Je sors éprouvée de cette longue épreuve : je parle avec peine, ma voix a mué, elle sonne comme celle de la grand-mère qui m'avait élevée pendant toute mon enfance. Ma diction est ralentie. Alitée trop longtemps, j'ai perdu du muscle et du poids : je pèse alors 30 kg pour 1,74m. Jour après jour, à chaque visite, mes enfants me massent les jambes, et pour me fortifier les muscles et un kinésithérapeute de l'hôpital vient tous les matins pour me réapprendre à marcher.

En tout et pour tout, je passe un an à l'hôpital, à subir des traitements très lourds, dans un état de constante faiblesse, tourmentée par les prises de médicaments à horaires fixes qui rythment ma journée, du réveil dès 6H00 à jeun, puis qui se succèdent toutes les trois heures jusqu'au soir 18H00.

Je m'ennuie mortellement, déprimée par les râles de détresse de mes voisines de lit mourantes, en proie à la nostalgie de ma vie antérieure, à la pensée de l'injustice de la maladie qui me frappe, à l'angoisse d'un avenir sombre et d'une vie future dans un corps à jamais handicapé, meurtri et diminué.
Puis je suis sujette à une tachycardie : mon cœur bat tellement vite que mon médecin inquiet pour ma vie, m'interdit tout mouvement, tout déplacement, ou le moindre effort. Je me retrouve clouée de nouveau au lit sous monitorage permanent, rattachée à la vie par les perfusions dans lesquelles on me déverse des culots de sang.

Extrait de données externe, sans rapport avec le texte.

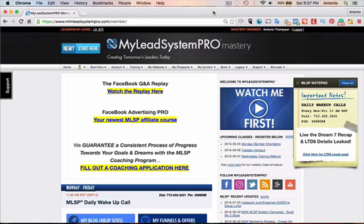Hey, what's up? This is Antonio Thompson from AntonioRThompson.com, and I'm coming to you from my home office here in Brooklyn, New York.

Au bout d'un an d'hôpital, on me prescrit un repos absolu dans un centre spécialisé. Malheureusement, la nourriture s'y avère aussi infecte qu'à l'hôpital et la cohabitation avec les pensionnaires tantôt déments, tantôt souffrants, reste éprouvante pour moi. Je réclame rapidement la possibilité de rentrer chez moi.
Pendant une année supplémentaire, je récupère lentement, en m'enfermant dans une solitude volontaire. Effrayée de devenir un objet de pitié ou de feinte sollicitude, je refuse tout contact avec le monde extérieur, je m'efface, je fuis mes proches, mes anciennes amies ou mes connaissances qui, pourtant, me recherchent activement.

Un jour, alors que prépare mon prochain voyage en vacances dans mon appartement, des vertiges se déclenchent subitement, je perds l'équilibre et je m'effondre au sol. J'appelle immédiatement mon médecin qui me conseille de passer le plus vite possible un scanner.
Quelques heures plus tard, mon médecin m'apporte le résultat des examens dans ma chambre d'hôpital. Sa mine est triste. Elle m'assène tout à trac : « Madame Barry, j'ai une mauvaise nouvelle à vous annoncer. Le coma passé qui vous a affecté, ainsi que les traitements administrés ont lésé votre cervelet : vous allez perdre petit-à-petit la faculté de marcher ». Je suis anéantie.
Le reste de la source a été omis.